By Victoria Ford | Jul 03, 2019
Photo by: Ryan Morrill

Ship Bottom — Those who have passed through downtown Ship Bottom any time in the last week or two may have noticed a large work of art coming to life. The artist, Cayla Morton, was working on a butterfly mural on the exterior of Hazel Boutique. The new Ship Bottom women’s clothing-and-lots-of-other-cool-stuff shop is the third location for owners and (twin) sisters Kim and Jenna Campfield. They also have boutiques in Ramsey and Belmar. Morton and her husband Matt live in Jersey City, but she spent whole summers in Harvey Cedars growing up.

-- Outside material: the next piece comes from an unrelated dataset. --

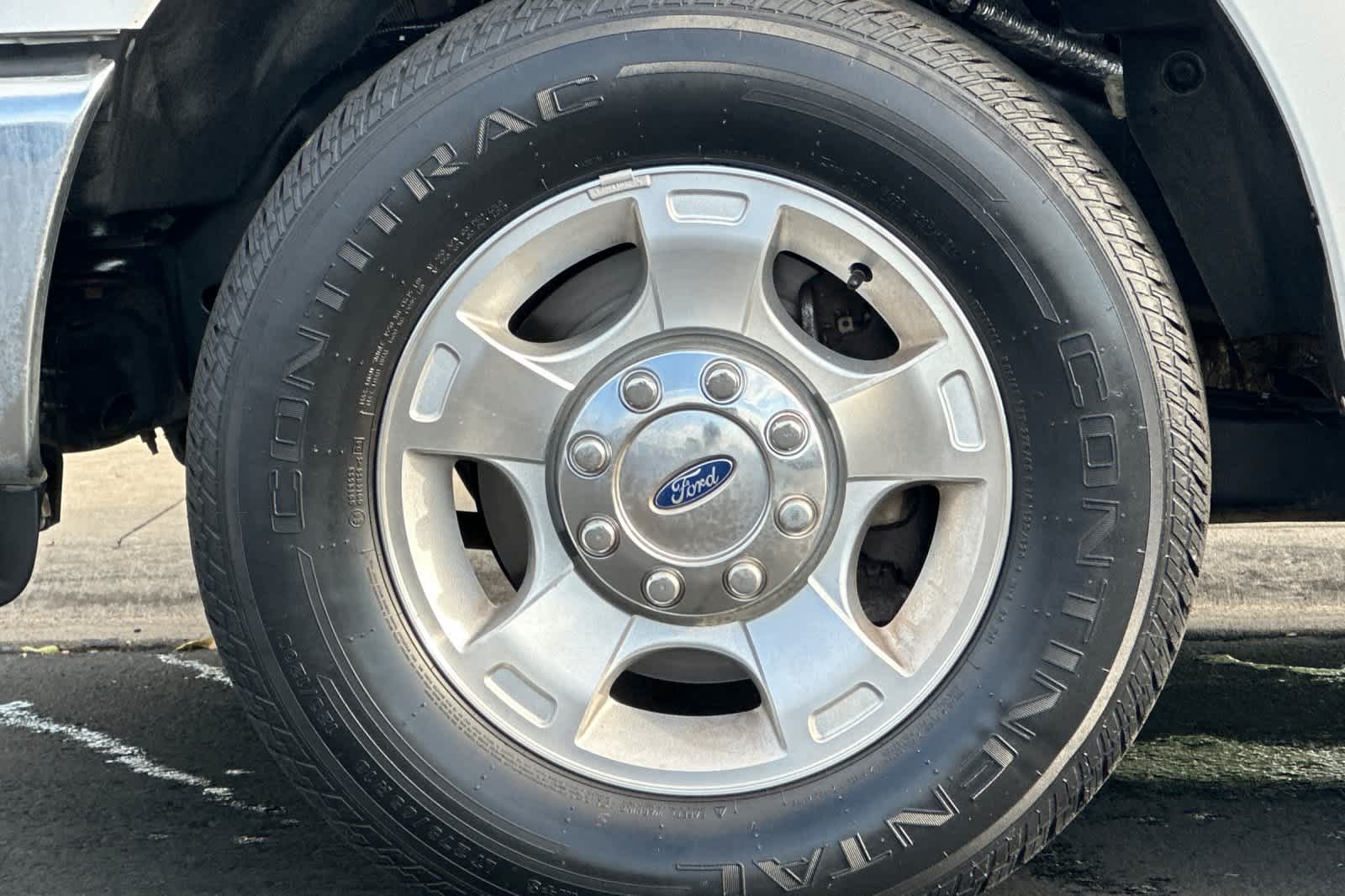 Thumbnail: 2015 Ford F-350 - 23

The Campfields’ relationship with Morton started through her work with vintage denim as a fashion designer. Join her 17,400 Instagram followers to see her brand in action and visit Morton is represented by Lilac, a boutique PR firm that specializes in brand partnerships, digital influencer marketing and talent management.

Her career really took off when “Orange Is the New Black” actor Jackie Cruz (who plays Flaca) ordered one of her custom jackets. Morton also partners with Not Pot, maker of vegan CBD gummies, and collaborates with Teva, the sandal company. Amy Schumer has a pair. Morton’s work has also benefited Planned Parenthood.

The mural at 27th and the Boulevard is Morton’s very first. She is branching out into larger paintings, though, having done a guitar and a surfboard. As an artist she doesn’t feel limited to one medium or type of “canvas.” Currently, her medium of choice is Behr outdoor paints, and the paint surface is sheetrock.

She has no formal art school training, but she has plenty of natural talent.

The owners had given her somewhat free rein to design the artwork, trusting she would hit the right note. By all appearances, she has.

A psychedelic butterfly is the focal point, with an interactive component to invite passersby to stop and have someone take a photo of them standing between the wings, being the butterfly. As of Sunday (Day Six), she had plans to move to the outer extremes and paint in palm trees, flowers, sea shells and whatever else might occur to her along the way.

Certain elements already in place, such as the “baking” hot sun and the moon embracing Saturn and other details inside the wings, were not in the original drawing, but she’s following creative impulses.

All the while, she’s making new friends. Having a live audience is also a new experience for her, but she doesn’t mind, aside from stressing about the paint drying too fast.

Her grin takes over her face as she talks about the friendly encounters she has had with visitors and inquisitors.

“It’s so symmetrical!” a young onlooker named Robert exclaimed.

Balance is definitely a main objective for the overall piece, Morton explained. She loves the way a good mural will pull the eye in a lot of different directions, she said.

“Everything seems to be falling into place nicely,” she said.